До поры до времени (то есть почти до 1950–1960-х, до наступления эры политкорректности, кстати, эры далеко не самой плодотворной для искусства!) почти все европейские интеллектуалы, как минимум, вполне толерантно относились к антисемитизму. Его активных противников так же трудно найти среди великих писателей, философов и т. д., как сегодня трудно найти его активных сторонников. Убежденных антисемитов куда больше — Достоевский, Вольтер, Вагнер, Маркс (правда, «мы их ценим не только за это»). Что касается 99% писателей и мыслителей, то они были абсолютно равнодушны к еврейскому вопросу, который их никаким боком не задевал, и уж точно не испытывали ни малейшего сочувствия к евреям, не считали, что их угнетают, да и вообще — «что нам до них?».

Все это лишний раз доказывает, что «интеллектуальная элита» всегда — как тогда, так и сейчас — самые обычные люди. Они хоть и формируют «дух времени» (или являются его проводниками), но прежде всего сами следуют этому духу. Распространен антисемитизм — и они более или менее антисемиты, распространена национальная толерантность — и они более или менее толерантны. Как, собственно, ведем себя и мы с вами, уважаемые читатели «ЕС», во всем, что нас прямо не касается. «К чему бесплодно спорить с веком? Обычай — деспот меж людей», — писал абсолютно безразличный к «еврейскому вопросу» Пушкин, впрочем, сказавший (для рифмы, наверное): «Будь жид — и это не беда».

Однако есть антисемитизм и антисемитизм.
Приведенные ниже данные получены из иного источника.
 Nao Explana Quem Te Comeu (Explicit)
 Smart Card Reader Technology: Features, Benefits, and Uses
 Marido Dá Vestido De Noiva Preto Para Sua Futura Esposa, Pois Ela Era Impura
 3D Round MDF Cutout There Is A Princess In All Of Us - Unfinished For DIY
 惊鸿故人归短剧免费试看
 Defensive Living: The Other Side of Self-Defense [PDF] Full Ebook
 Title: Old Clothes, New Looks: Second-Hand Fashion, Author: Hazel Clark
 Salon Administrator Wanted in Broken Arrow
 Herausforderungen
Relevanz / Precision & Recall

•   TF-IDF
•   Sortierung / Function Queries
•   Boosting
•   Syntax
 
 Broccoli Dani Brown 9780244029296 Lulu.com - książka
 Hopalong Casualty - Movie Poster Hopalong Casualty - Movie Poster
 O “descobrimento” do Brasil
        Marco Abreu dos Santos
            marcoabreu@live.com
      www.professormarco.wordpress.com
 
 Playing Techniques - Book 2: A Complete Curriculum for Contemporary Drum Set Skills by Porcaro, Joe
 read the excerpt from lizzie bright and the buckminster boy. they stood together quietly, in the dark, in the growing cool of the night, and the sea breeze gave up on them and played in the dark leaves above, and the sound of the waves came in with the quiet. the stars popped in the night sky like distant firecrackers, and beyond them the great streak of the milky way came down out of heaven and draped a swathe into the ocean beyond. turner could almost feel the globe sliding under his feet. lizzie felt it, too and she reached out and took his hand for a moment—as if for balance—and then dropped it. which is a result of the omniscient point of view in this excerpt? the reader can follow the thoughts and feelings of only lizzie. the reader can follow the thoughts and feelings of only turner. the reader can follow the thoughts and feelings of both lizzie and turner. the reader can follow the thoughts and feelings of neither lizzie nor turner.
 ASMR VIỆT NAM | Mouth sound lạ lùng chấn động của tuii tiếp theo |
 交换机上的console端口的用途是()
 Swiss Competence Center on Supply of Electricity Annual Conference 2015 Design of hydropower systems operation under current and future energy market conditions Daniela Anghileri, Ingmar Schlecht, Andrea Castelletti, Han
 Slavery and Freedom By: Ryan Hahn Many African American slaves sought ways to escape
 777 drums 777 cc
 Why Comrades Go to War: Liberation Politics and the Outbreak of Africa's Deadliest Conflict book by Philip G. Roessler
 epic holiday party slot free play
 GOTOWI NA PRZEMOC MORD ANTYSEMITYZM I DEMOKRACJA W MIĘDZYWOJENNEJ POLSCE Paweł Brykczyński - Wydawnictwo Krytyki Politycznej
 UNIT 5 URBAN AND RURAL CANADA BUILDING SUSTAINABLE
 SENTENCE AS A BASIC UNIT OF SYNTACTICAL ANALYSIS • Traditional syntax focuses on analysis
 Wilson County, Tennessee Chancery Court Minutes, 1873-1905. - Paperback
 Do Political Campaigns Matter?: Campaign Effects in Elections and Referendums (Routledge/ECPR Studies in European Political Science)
Да, пасквиль на евреев написал Диккенс (Феджин в «Оливере Твисте»), но, по крайней мере, он не занимался рассуждениями о «всемирном еврейском заговоре» в стиле Достоевского или проклятиями в адрес евреев и прямыми нацистскими призывами а-ля Вагнер.

Какое место на шкале юдофобии занимает Гоголь, 200-летие рождения которого мы отмечаем?

Гоголь — единственный (насколько мне известно) писатель, сочувственно, поэтически описавший еврейский погром. Сочувствие, понятно, относится к убийцам и грабителям — казакам, а не к убитым и ограбленным евреям.

Другие писатели, при всем своем антисемитизме, таких сюжетов как-то избегали. Как ведет себя обычный антисемит? Он долго расписывает какие плохие евреи, подталкивает читателя к мысли «бей их!», но сам ее вслух не произносит и скромненько отходит в сторону. Мол, а я что — я ничего. Ни к чему не призываю…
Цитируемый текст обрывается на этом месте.